## Problem details
Reproduce the records that follow in full, excluding any picture they contain.

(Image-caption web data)

***

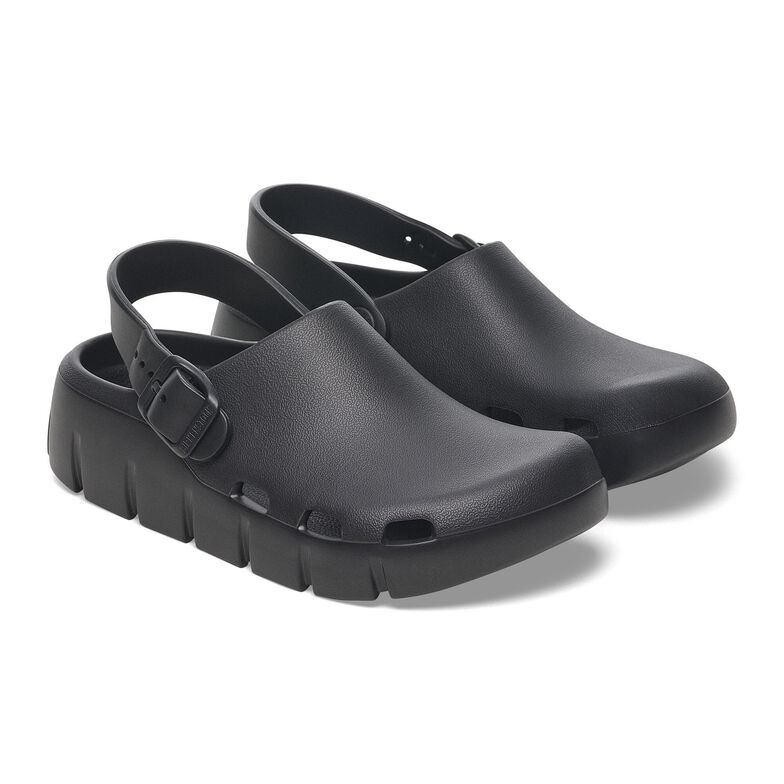 Birki Flow Kids EVA EVA - Black Black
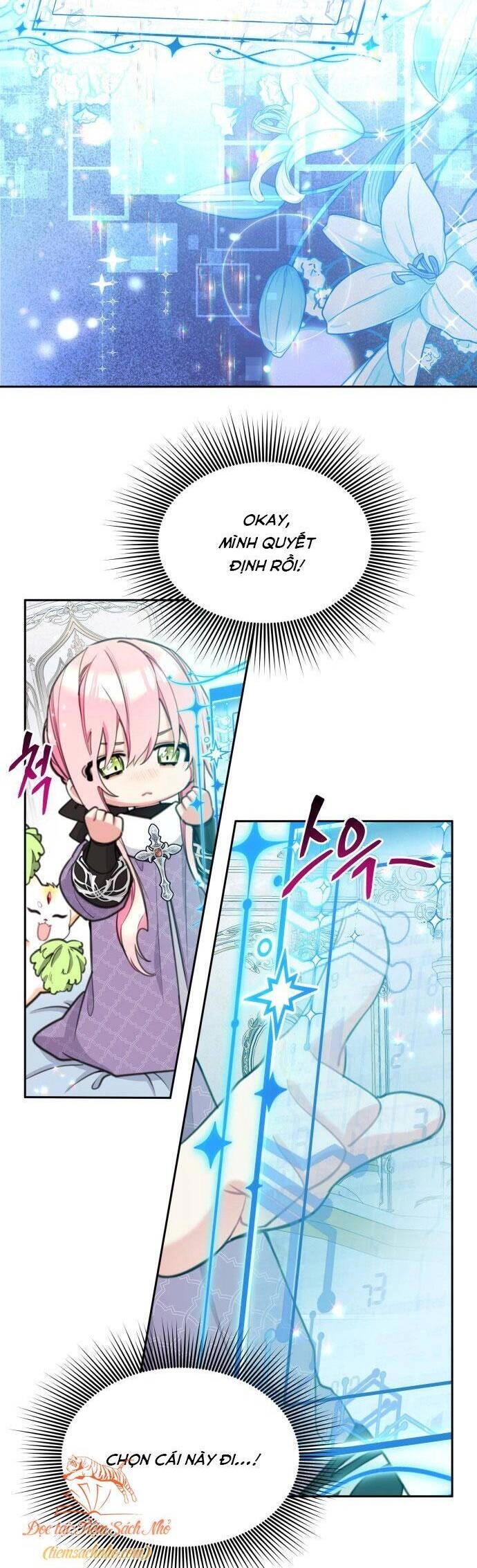 Công Chúa Lotto Chapter 41 - 6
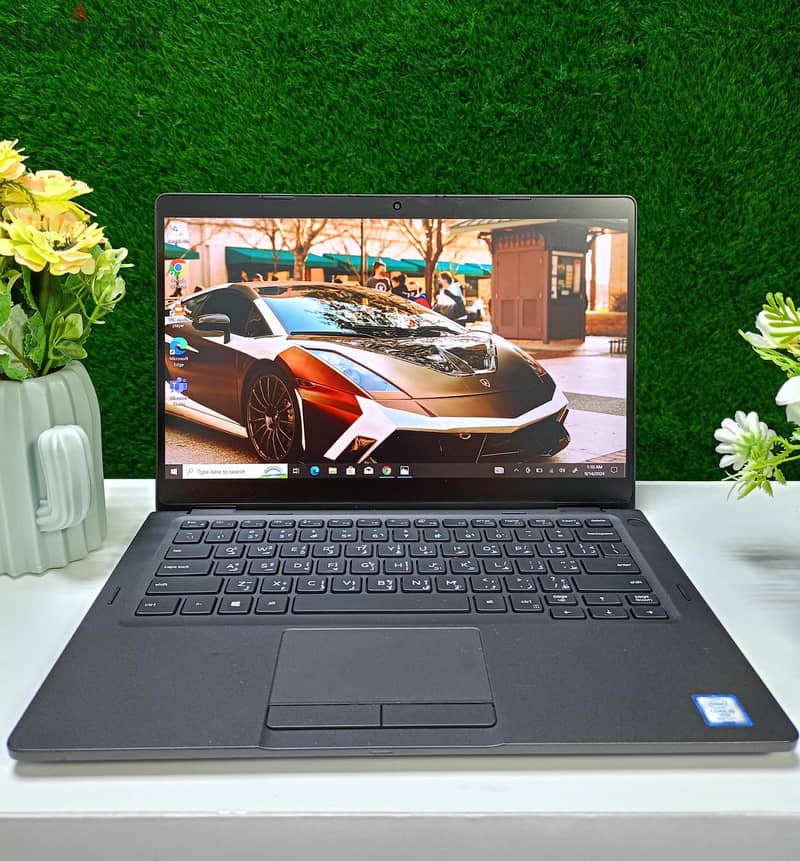 Laptop Dell Latitude 5300 TouchScreen 360 i5 8th Gen 8Gb Ram 512 GB SS 1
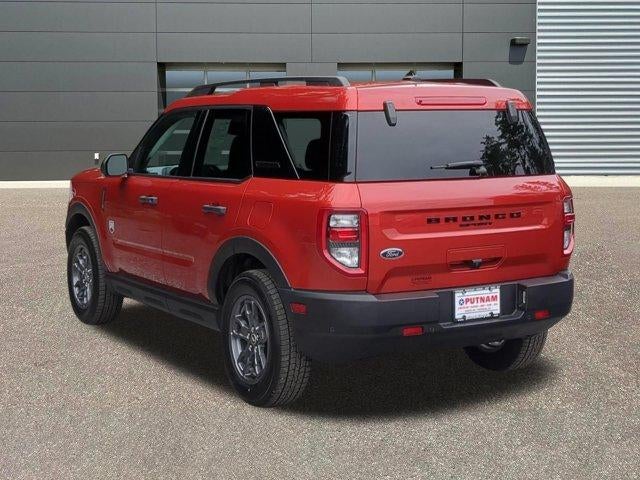 2023 Ford Bronco Sport Big Bend 4x4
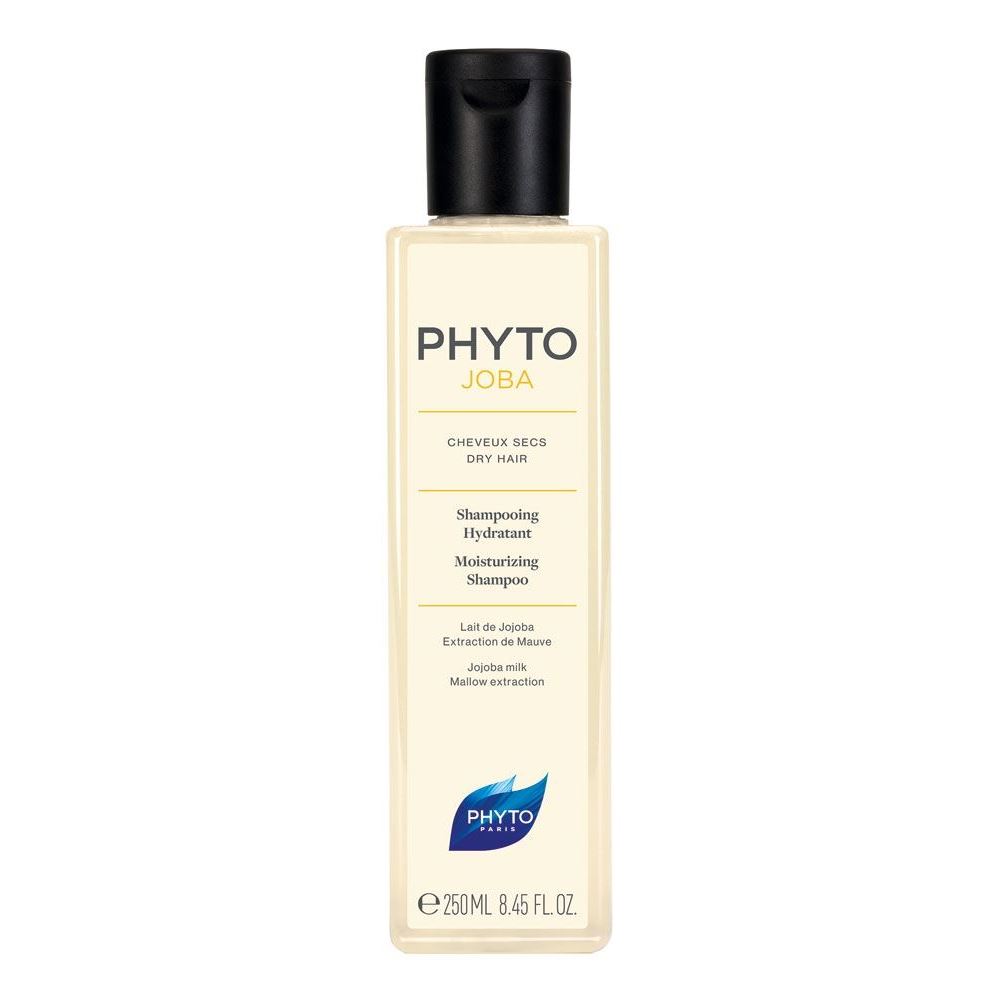 Phyto Интенсивный уход за волосам Phytojoba Moisturizing Shampoo Увлажняющий шампунь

***

## Exercise solution
 Birki Flow Kids EVA EVA - Black Black
 Công Chúa Lotto Chapter 41 - 6
 Laptop Dell Latitude 5300 TouchScreen 360 i5 8th Gen 8Gb Ram 512 GB SS 1
 2023 Ford Bronco Sport Big Bend 4x4
 Phyto Интенсивный уход за волосам Phytojoba Moisturizing Shampoo Увлажняющий шампунь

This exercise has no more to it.